Since I have not updated my version of 32-bit-Gentoo for over 6 months, I will attempt that and see if the problem disappears.
That's strange. I'm not sure why the next block would already be mapped. Is it bad luck? Or does Linux automatically map the block after for some reason? Maybe a bad interaction with MAP_ANON?
Perhaps good justification on Linux to use mremap
. Does mremap
work correctly with MAP_ANON?
On 32-bit-Linux: 1) When mmap fails with MAP_FIXED, errno is set to ENOMEM. 2) mremap does work correctly when the original mmap was set with MAP_ANON. 3) I agree that we should use mremap for Linux.
Latest wrinkle: mincore is not available in Cygwin.
Hrm, I suppose since Cygwin is based on top of the memory manager for Windows. The Cygwin team seems to have successfully ported mmap
to use MapViewOfFile
. I can think of a variety of reasons why mincore
might not be present. For one, as a system call, it might not make sense on Windows. Is msync
present and will msync
give us the same result? Alternatively, is there a Windows function that does the same thing, and can we call it from Cygwin C? For instance, this function http://msdn.microsoft.com/en-us/library/windows/desktop/aa366902(v=vs.85).aspx looks promising. Other related functions are listed on the same page. The MapViewOfFile
function was a close mmap
clone, so we might get lucky.
msync is present in Cygwin. Looks like we may implement 3 solutions (mincore for OSX, msync for Cygwin, mremap for Linux).
The above commit 3137f177a52e0d33ef6e77633a77634dc8312700 demonstrates that for OSX using mincore with mmap and MAP_FIXED is not a successful replacement for mremap. You can check this yourself by compiling this commit and running /.k_test on OSX. Although the test result is correct, it is achieved by copying the data.
If the extra space is unmapped, we are counting on mincore to fail with a return code of -1, and an errno set to ENOMEM. In fact, mincore does not fail, it has a return code of 0, and therefore errno is not set to ENOMEM.
posix_mem_offset does not appear to be implemented in Linux, Cygwin or OSX. It is implemented in the QNX operating system.
As written, a bug?
https://github.com/kevinlawler/kona/blob/master/km.c
The problem is that mapping MAP_FIXED over an existing address space won't fail, it will just destroy the other mapping if it was close enough. The bug is if another mapping is close enough behind the expanding mapping.

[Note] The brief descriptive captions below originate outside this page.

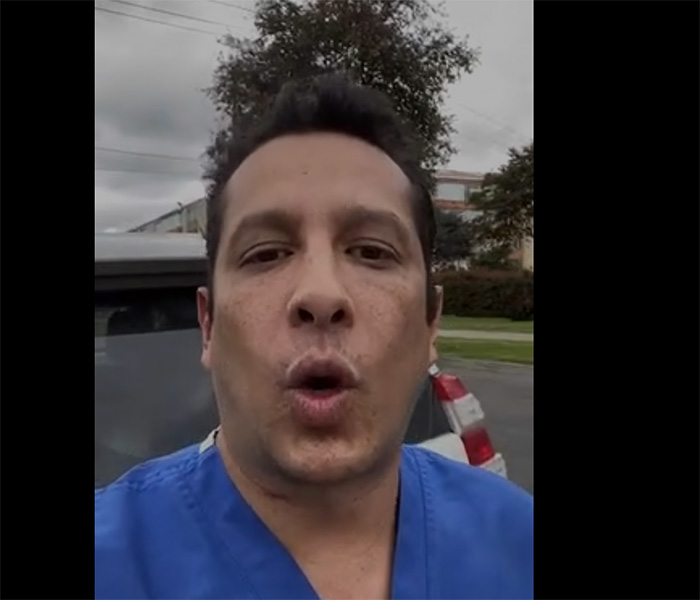 Patadas, piedras y puños: ataque a médico de la clínica Santa Fe en Bogotá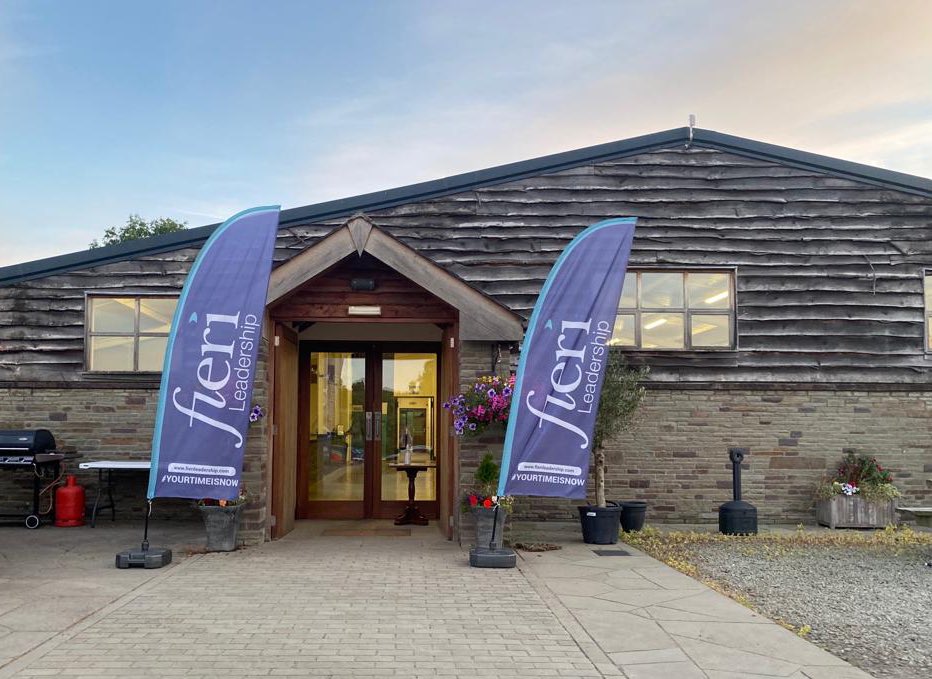 FieriL_D's tweet image. How much time have you spent looking at your screen today? 💻 

For #TimeOutTuesday, take a break from the screens. Take a short walk, connect with friends in person or read a book. 🌳 📚 

#leadership  #DigitalWellbeing #LeadershipDevelopment #BecomeExtraordinary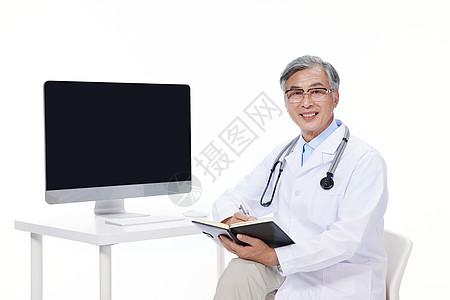 医生坐诊老年医师男教授坐在电脑前背景
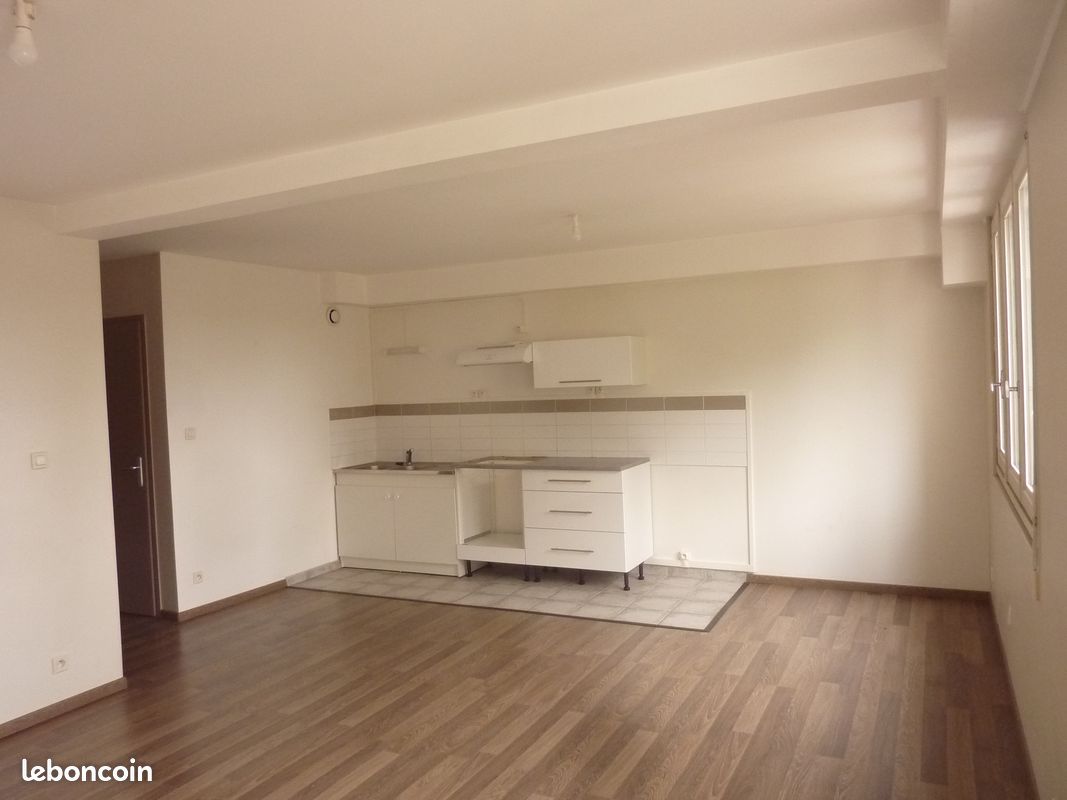 Parking 3 pièces 60 m² · à Nay · 60 m² · 640 €/mois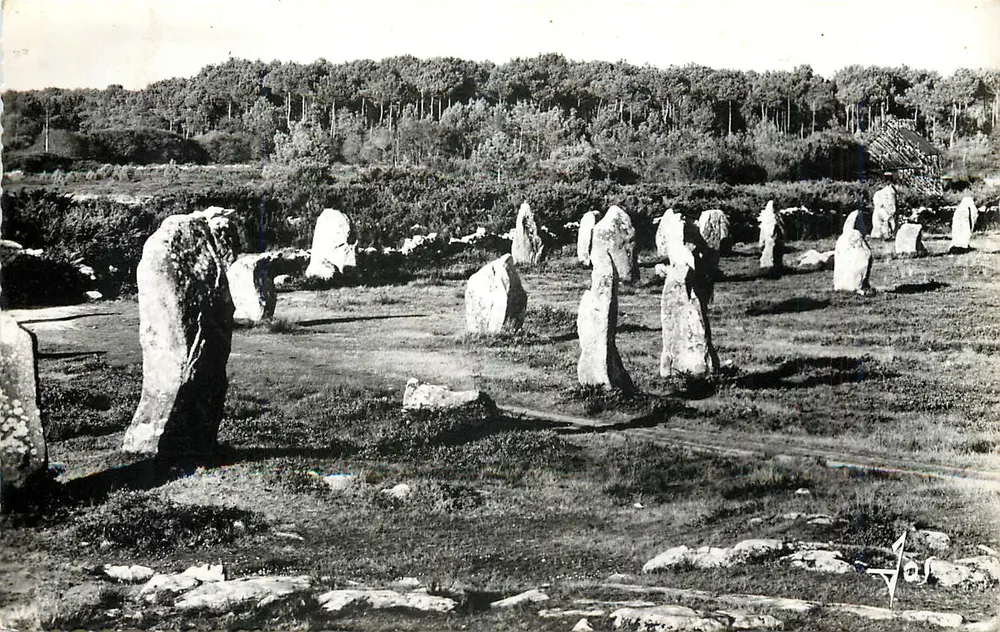 Os alinhamentos de Kermario — Carnac, Morbihan — Edições de Arte JOS, Carnac - Frente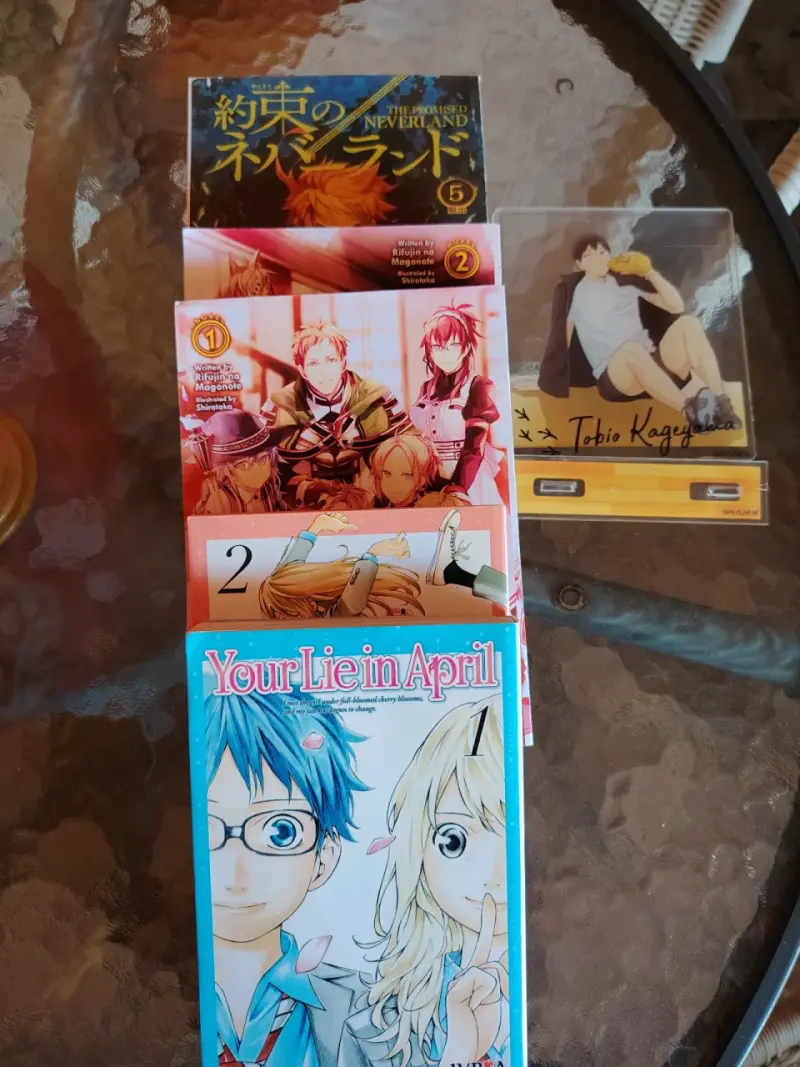 Colección de mangas: Your Lie in April, The Promised Neverland y más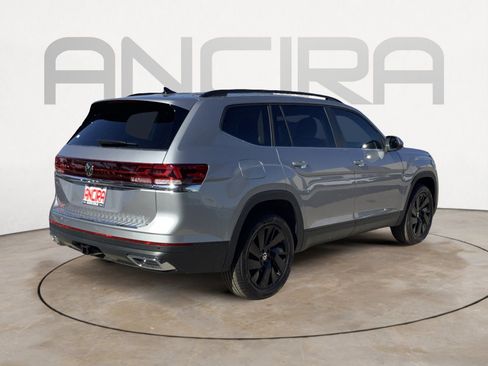 New 2025 Volkswagen Atlas SE FWD image 8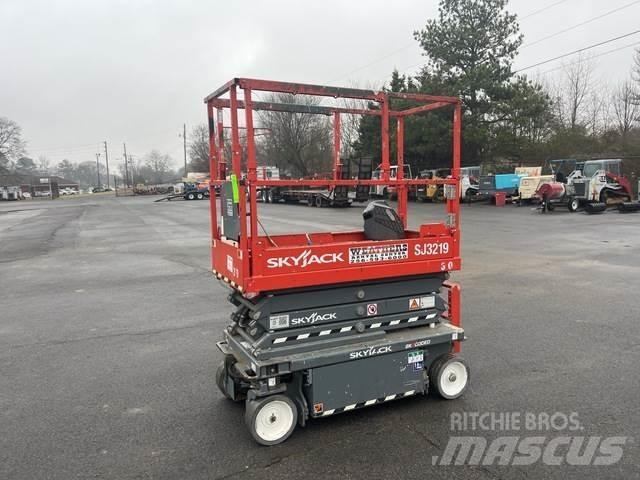SkyJack SJ3219 가위형 리프트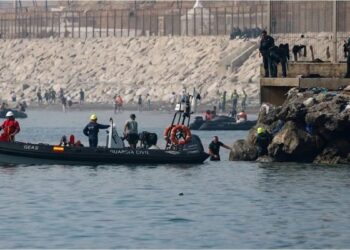 Crisis en Ceuta: España instaló una barrera flotante en la frontera con Marruecos mientras ascienden a 67 los muertos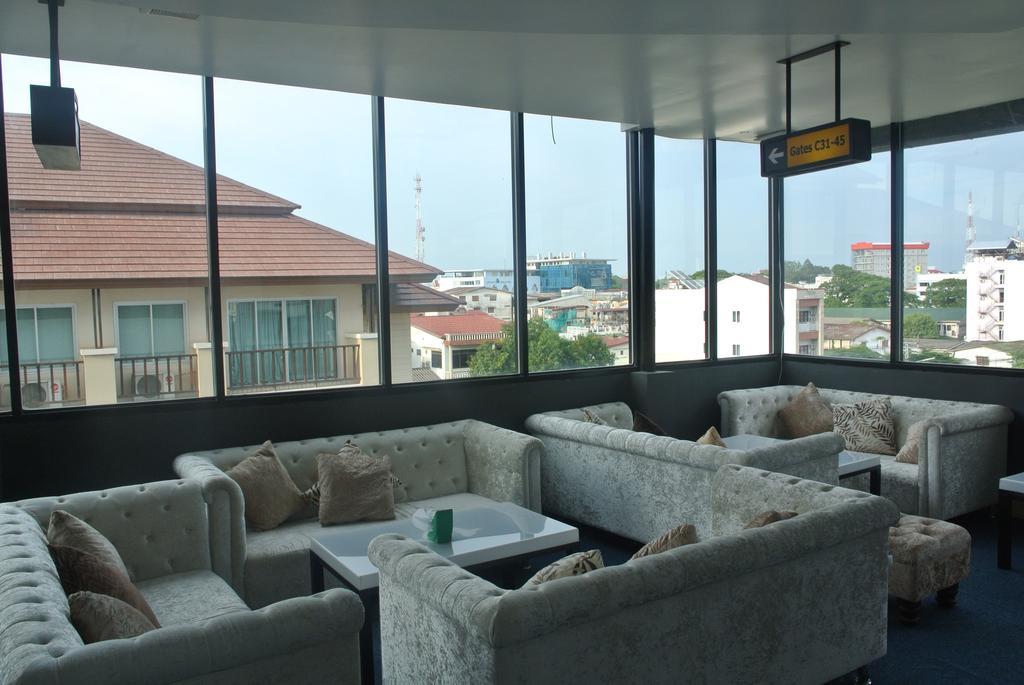 New Usouk Boutique Hotel Vientiane Bagian luar foto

(I am not sure how I missed this the first time around: maybe there is some other consideration that prevents this bug. It seems like the kind of thing I would've been wary of. Maybe I thought MAP_FIXED would fail on such allocations. Does it really always succeed? It would be nice to verify via test case on OS X, Linux.) ((Another explanation is that StackOverflow didn't exist when I did this, or didn't have much on the subject, and so my understanding was based on a flawed interpretation of the POSIX documentation.))
One potential fix:
http://stackoverflow.com/questions/6446101/how-do-i-choose-a-fixed-address-for-mmap#comment7573599_6446215
"An aside: MAP_FIXED can be used safely if you first make a single mapping without MAP_FIXED, then use MAP_FIXED to create various mappings at fixed addresses relative to one another over top of the original throw-away mapping that was at a kernel-assigned location. With a sufficiently large mapping size, this might solve OP's problem."
If this lets us map "anonymous memory" without ever actual allocating real RAM, then we could always reserve something very large for any mapped structure.